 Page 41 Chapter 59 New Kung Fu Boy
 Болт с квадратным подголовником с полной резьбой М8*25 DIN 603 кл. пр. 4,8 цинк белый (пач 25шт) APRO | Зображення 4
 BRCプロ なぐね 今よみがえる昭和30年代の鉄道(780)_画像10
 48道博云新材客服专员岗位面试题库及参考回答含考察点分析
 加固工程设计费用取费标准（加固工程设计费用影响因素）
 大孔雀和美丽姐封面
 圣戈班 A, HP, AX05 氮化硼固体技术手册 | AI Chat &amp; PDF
━━━
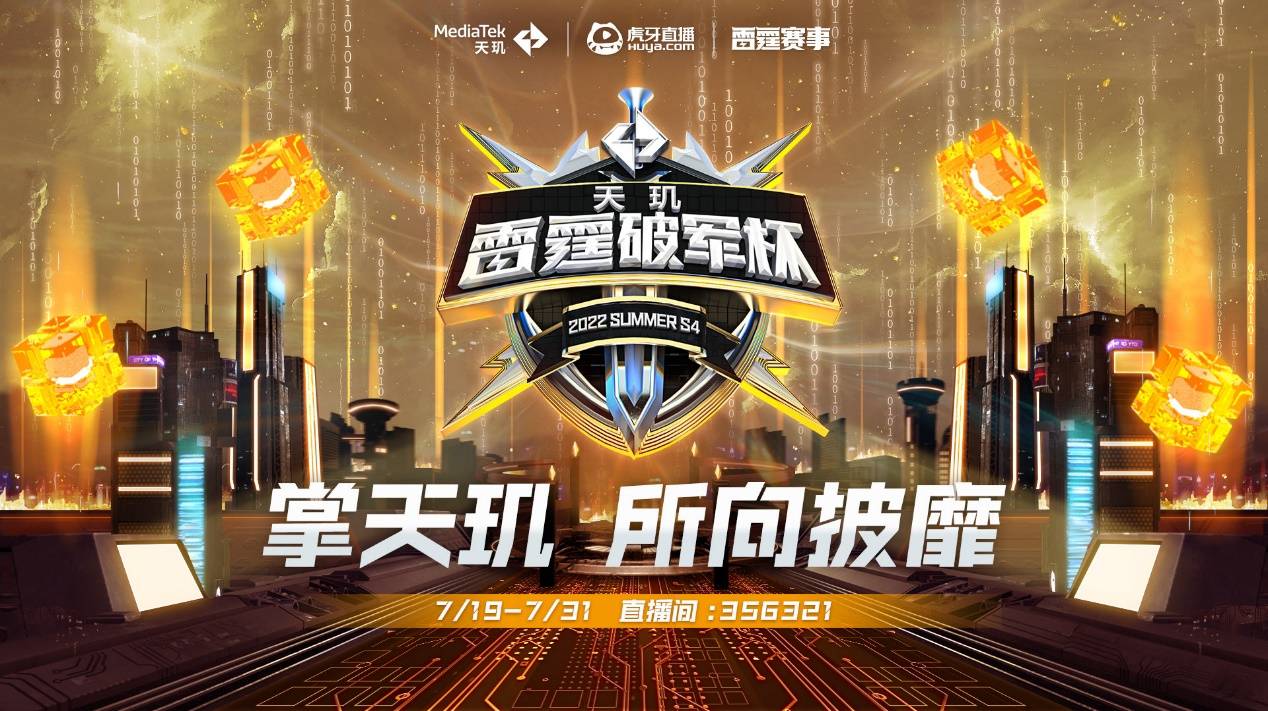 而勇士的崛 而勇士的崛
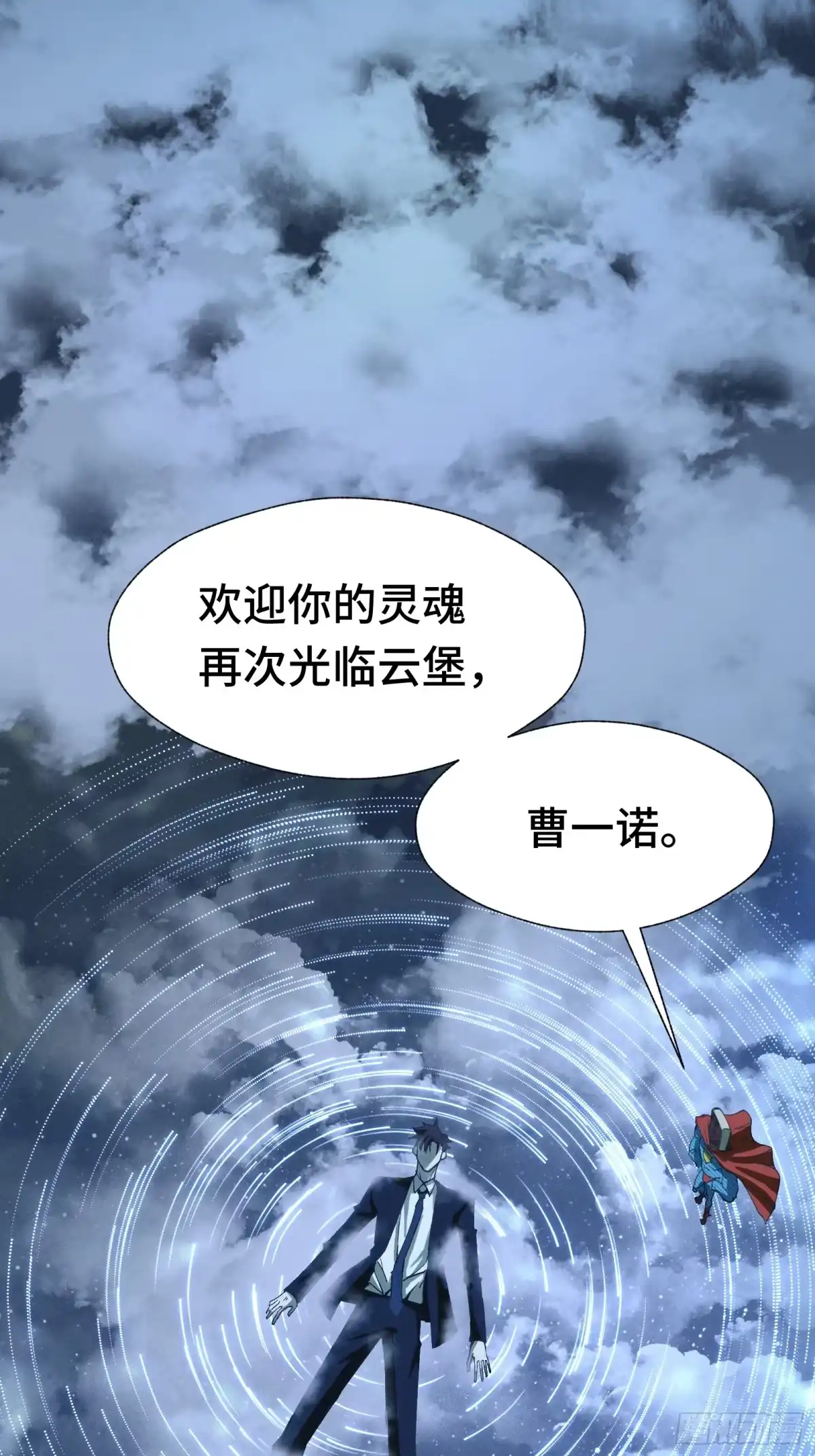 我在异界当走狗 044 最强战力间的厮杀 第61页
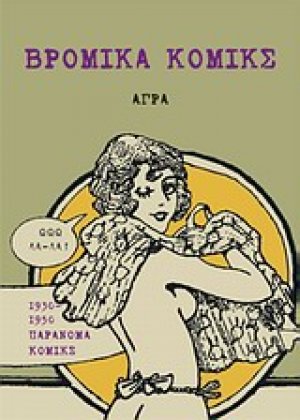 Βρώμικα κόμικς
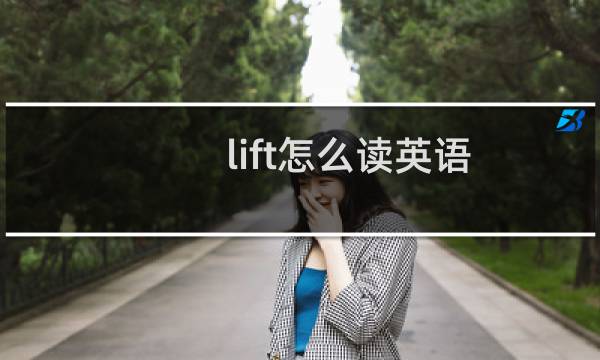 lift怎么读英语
━━━
**ASSIGNMENT:** Return the span of lines in the data above that opens at the line with "Page 41 Chapter 59 New Kung Fu Boy" and closes at the line with "圣戈班 A, HP, AX05", exactly, ends included, nothing else.

**TASK RESPONSE:**
 Page 41 Chapter 59 New Kung Fu Boy
 Болт с квадратным подголовником с полной резьбой М8*25 DIN 603 кл. пр. 4,8 цинк белый (пач 25шт) APRO | Зображення 4
 BRCプロ なぐね 今よみがえる昭和30年代の鉄道(780)_画像10
 48道博云新材客服专员岗位面试题库及参考回答含考察点分析
 加固工程设计费用取费标准（加固工程设计费用影响因素）
 大孔雀和美丽姐封面
 圣戈班 A, HP, AX05 氮化硼固体技术手册 | AI Chat &amp; PDF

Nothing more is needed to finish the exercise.